Among the mutations evaluated, women with the RRs of PDAC of 2.33 (PALB2) and 2.58 (BRCA1) were estimated to have fewer QALYs with versus without screening. For women with a RR of PDAC between 3.55 and 12.33, screening was not cost-effective at a WTP threshold of $100K USD/QALY gained. Women with the PDAC RR of 6.7 (TP53), 6.2 (BRCA2), and 5.71 (ATM) had the lowest ICER with one-time screening at age 60 years, ranging from $336,000 USD to $458,000 USD per QALY gained. Women with a PDAC RR of 3.55 (Lynch syndrome) had the lowest ICER with one-time screening at age 70 years, with $2,156,000 USD per QALY gained. These results are summarized in Table 3. The strategies on the efficient frontier for each cohort are summarized in Appendix Figure A1.
Sensitivity Analysis
The results were sensitive to test performance characteristics and, in particular, the specificity of screening. Perfect specificity screening increased ICERs and resulted in strategies with one-time screening, rather than annual screening, being cost-effective. Lower specificity assumptions (eg, 95%) did not substantially change the cohorts for which screening was cost-effective. Variations in screening sensitivity, utility assessments, and the cost of cancer care led to a minimal change in results. These results are summarized in Figure A2.

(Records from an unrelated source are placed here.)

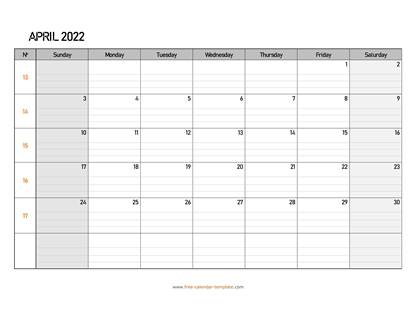 april 2022 calendar daygrid horizontal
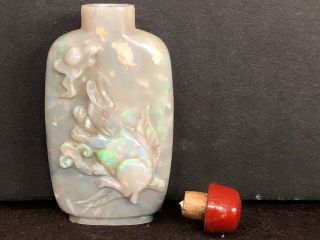 Antique Chinese Hand Carved opal Snuff Bottle 19th Century 6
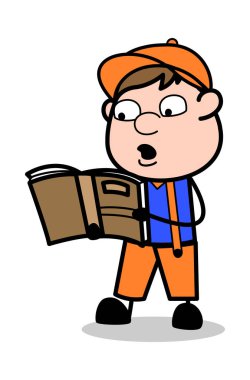 Okuma Kitabı - Retro Karikatür Marangoz İşçi Vektör Illustratio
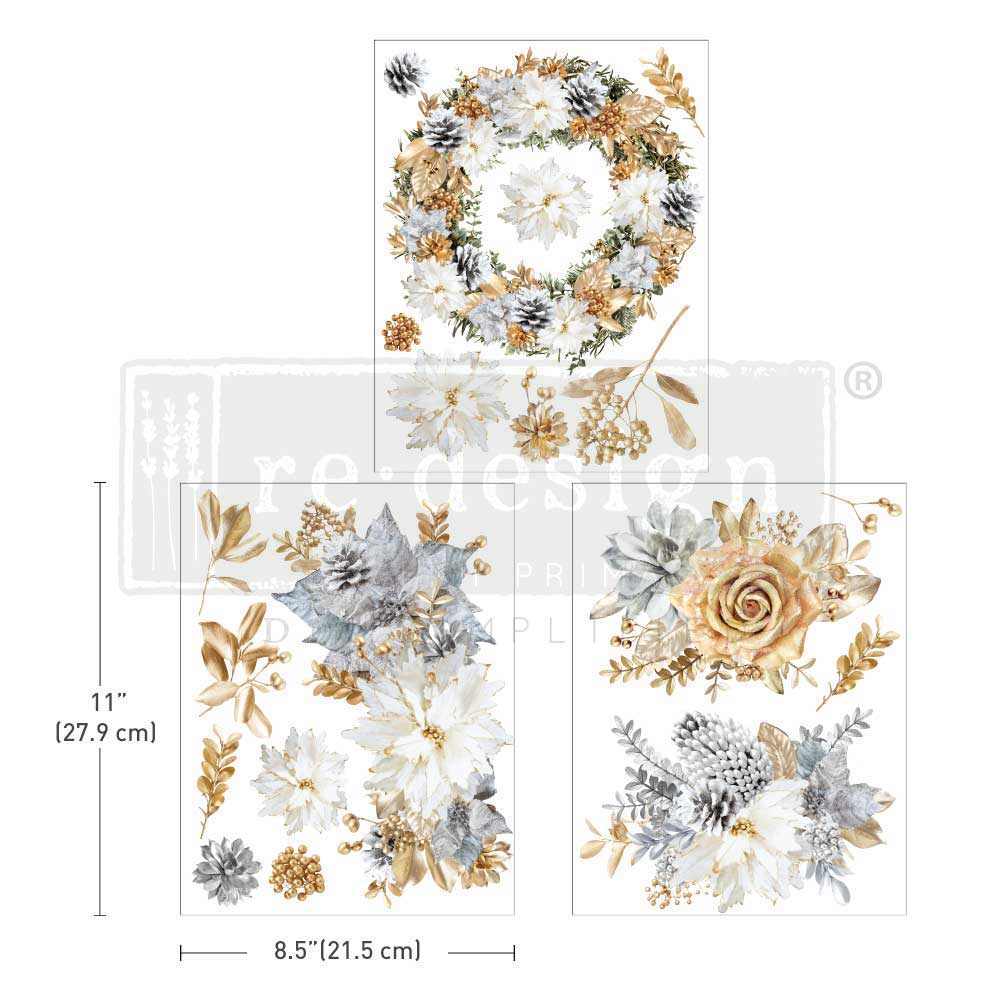 ReDesign with Prima A Guilded Moment Decor Transfers® are easy to use rub-on transfers for Furniture and Mixed Media uses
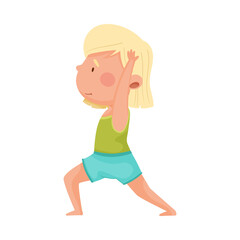 Cheerful Girl Character Standing in Yoga Pose or Stance Breathing Deeply Vector Illustration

The results were also sensitive to screening costs. Lowering the cost of screening resulted in a lower risk threshold at which cost-effective strategies were identified at any given WTP threshold. For example, with screening costs halved, annual screening for women with RR 12.33 (CDKN2A) would be cost-effective at a threshold of $100K USD/QALY gained. Variation in the discount rate from 0% to 5% also led to substantial changes in results. In an undiscounted analysis, screening would be cost-effective in men with RR ≥5.71 and in women with RR ≥12.33, at a WTP threshold of $100K USD/QALY. These results are summarized in Figures 3 and 4.
FIG 3.
Deterministic sensitivity analyses on the cost-effective strategy at a WTP threshold of $100K USD and $200K USD (men). This figure shows the cost-effective screening strategy for each cohort defined by the RR of PDAC (along the top), each uncertainty scenario (along the left), and each assumption about the WTP for a quality-adjusted year of life gained (along the bottom). Within each box, the symbols represent the cost-effective strategy (no screening, screening once, screening every 1, 2, or 5 years, with starting at age ranging from 40 to 75 years, in 5-year increments) for each of the nine cohorts. For example, with the low discount rate assumption, for RRs of 1-3.55, no screening is the cost-effective strategy. For RRs of 5.71-6.7, screening once at age 60 years is cost-effective. At RR 12.33, annual screening starting at age 50 years is cost-effective, and at RR 28, annual screening starting at age 40 years is cost-effective. The right-hand column shows the same analysis using a WTP threshold of $200K USD/QALY gained. PDAC, pancreatic ductal adenocarcinoma; QALY, quality-adjusted life year; RR, relative risk; USD, US dollars; WTP, willingness-to-pay.
FIG 4.
Deterministic sensitivity analyses on the cost-effective strategy at a WTP threshold of $100K USD and $200K USD (women). This figure shows the cost-effective screening strategy for each cohort defined by the RR of PDAC (along the top), each uncertainty scenario (along the left), and each assumption about the WTP for a quality-adjusted year of life gained (along the bottom). Within each box, the symbols represent the cost-effective strategy (no screening, screening once, screening every 1, 2, or 5 years, starting at age ranging from 40 to 75 years, in 5-year increments) for each of the nine cohorts. The right-hand column shows the same analysis using a WTP threshold of $200K USD/QALY gained. PDAC, pancreatic ductal adenocarcinoma; QALY, quality-adjusted life year; RR, relative risk; USD, US dollars; WTP, willingness-to-pay.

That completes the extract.